Non-fishers will enjoy the area. The Kale Yard in Nairn serves fine food, while Mungo enjoys carting his 154lb bulk around Roseisle Beach, terrorising the local hounds.

On our final morning, my mother even manages to tear my father away from the river to Elgin, with its cathedral ruins and (more importantly) cashmere shop, Johnstons.  In the evenings we try local pubs, enjoying the spectacularly sited Findhorn Inn (open again). The Cawdor Tavern re-opens on May 7.
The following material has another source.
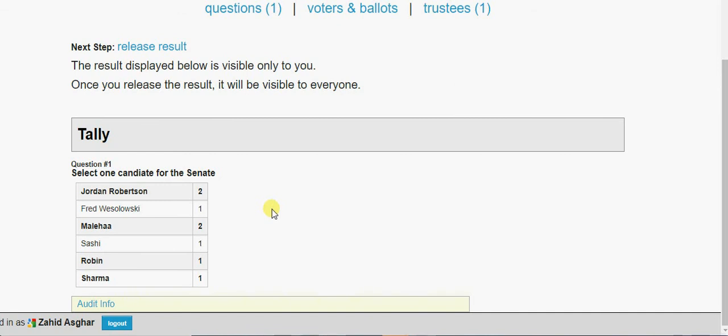So this is your result. I have voted twice to this, twice to this, and one, one, one, one, one second time. So this is how you can conduct this election. I repeat: create an election, create a question, upload a question, upload voters and ballot, freeze it, send an email to voters, and then give a set your time. And after that time you compute encrypted tally and release the results in front of your audience. Thank you, take care.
But on the river, each day drifts by faster than the last — and with them my chances of catching a fish. 

My father stops first, then my brother. I continue casting — and just before we are due to leave, with the sun low in the sky, I hook something large.

After an hour of wading along gritty sandstone and boulders, the line goes tight and I feel the strong shake of a salmon. In one moment, the week comes into perspective — perseverance, concentration, sweat, mental anguish, all wonderfully worth it. For about three seconds.

Then the line goes slack. The fly pings out of the water and there’s a collective groan from the bank. But it doesn’t matter to me. 

All it has taken is one brief moment and 20 years of confusion become clear. This oddest of endeavours has started to make sense.